While there are ways to create such filters using surface-acoustic-wave (SAW) and bulk-acoustic-wave (BAW) technologies, even these technologies struggle to keep up with the demands for narrow bandwidth filtering at these ever-higher frequencies.

Chalcogenide Glass + Silicon

Recognizing the need and opportunity, the photonic and electro-optical (E-O) community is doing a great deal of research to overcome these barriers. For example, researchers at the University of Sydney (Australia) Nano Institute devised a compact semiconductor chip that provides for the heterogeneous integration of chalcogenide glass with silicon to create specialty filters.

Their effort has resulted in a notch filter with narrow 37-MHz 3-dB bandwidth and deep 51-dB RF rejection, tunable from 2.5 and 15 GHz (Fig. 1). Chalcogenide glass contains one or more chalcogens (sulfur, selenium, tellurium) but excludes oxygen—they have high optical transparency in the infrared (IR) region of telecommunication windows of 3 to 5 μm and 8 to 12 μm.

1. Heterogeneous integration of As2S3 waveguides and silicon components for an on-chip microwave photonic filter system: (a) High-level schematic of the integrated Si-As2S3 MWP notch filter. An RF input signal is modulated onto an optical carrier by a modulator on the Si-As2S3 chip. The modulated optical signal is then processed and undergoes photodetection.

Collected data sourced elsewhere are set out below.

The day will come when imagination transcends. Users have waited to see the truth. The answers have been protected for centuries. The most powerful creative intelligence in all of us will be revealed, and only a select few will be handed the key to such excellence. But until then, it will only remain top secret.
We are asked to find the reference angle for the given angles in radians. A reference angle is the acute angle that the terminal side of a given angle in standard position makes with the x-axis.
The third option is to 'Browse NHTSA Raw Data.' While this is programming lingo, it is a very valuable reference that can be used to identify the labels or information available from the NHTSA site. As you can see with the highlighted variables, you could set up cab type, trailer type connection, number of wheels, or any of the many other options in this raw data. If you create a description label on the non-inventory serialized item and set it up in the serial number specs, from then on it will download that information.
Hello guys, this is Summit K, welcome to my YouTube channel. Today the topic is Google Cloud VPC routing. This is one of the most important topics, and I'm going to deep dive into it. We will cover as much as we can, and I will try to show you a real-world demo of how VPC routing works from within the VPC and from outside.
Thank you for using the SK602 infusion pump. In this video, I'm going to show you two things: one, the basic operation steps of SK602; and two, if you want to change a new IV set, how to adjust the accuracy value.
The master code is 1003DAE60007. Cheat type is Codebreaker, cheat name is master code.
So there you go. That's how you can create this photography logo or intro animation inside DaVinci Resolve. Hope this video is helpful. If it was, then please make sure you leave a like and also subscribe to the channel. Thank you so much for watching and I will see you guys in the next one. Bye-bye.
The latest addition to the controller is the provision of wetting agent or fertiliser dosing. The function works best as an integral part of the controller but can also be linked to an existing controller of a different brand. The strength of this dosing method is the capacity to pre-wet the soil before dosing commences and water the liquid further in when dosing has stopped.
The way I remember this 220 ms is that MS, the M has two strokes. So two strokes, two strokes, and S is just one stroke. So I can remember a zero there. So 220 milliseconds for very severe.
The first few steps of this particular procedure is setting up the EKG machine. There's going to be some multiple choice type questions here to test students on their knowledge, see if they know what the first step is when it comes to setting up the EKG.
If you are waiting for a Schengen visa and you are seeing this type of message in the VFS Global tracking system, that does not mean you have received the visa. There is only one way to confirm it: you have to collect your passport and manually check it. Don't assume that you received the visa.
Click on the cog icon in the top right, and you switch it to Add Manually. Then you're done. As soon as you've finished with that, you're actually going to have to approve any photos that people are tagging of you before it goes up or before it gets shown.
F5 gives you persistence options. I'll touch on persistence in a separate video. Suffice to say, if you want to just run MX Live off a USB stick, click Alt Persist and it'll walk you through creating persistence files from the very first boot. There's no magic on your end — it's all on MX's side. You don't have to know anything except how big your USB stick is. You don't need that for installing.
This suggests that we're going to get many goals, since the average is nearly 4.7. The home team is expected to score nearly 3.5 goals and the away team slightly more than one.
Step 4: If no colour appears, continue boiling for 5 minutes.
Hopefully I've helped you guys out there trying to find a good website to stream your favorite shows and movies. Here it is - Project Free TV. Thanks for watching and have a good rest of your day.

The notch filter response is visualized in the RF output spectrum where the spectral component at f1 is attenuated, whereas the signal at f2 is not. (b) A picture of the Si-As2S3 PIC containing (c) a silicon E-O modulator and circuits used for optical carrier control and (d) false-colored optical microscope image of As2S3 spiral waveguides used for Brillouin processing. (PIC: photonic integrated circuit; E-O: electro-optic; CSR: carrier-to-sideband ratio; TC: tunable coupler; TPS: tunable phase shifter; VOA: variable optical attenuator)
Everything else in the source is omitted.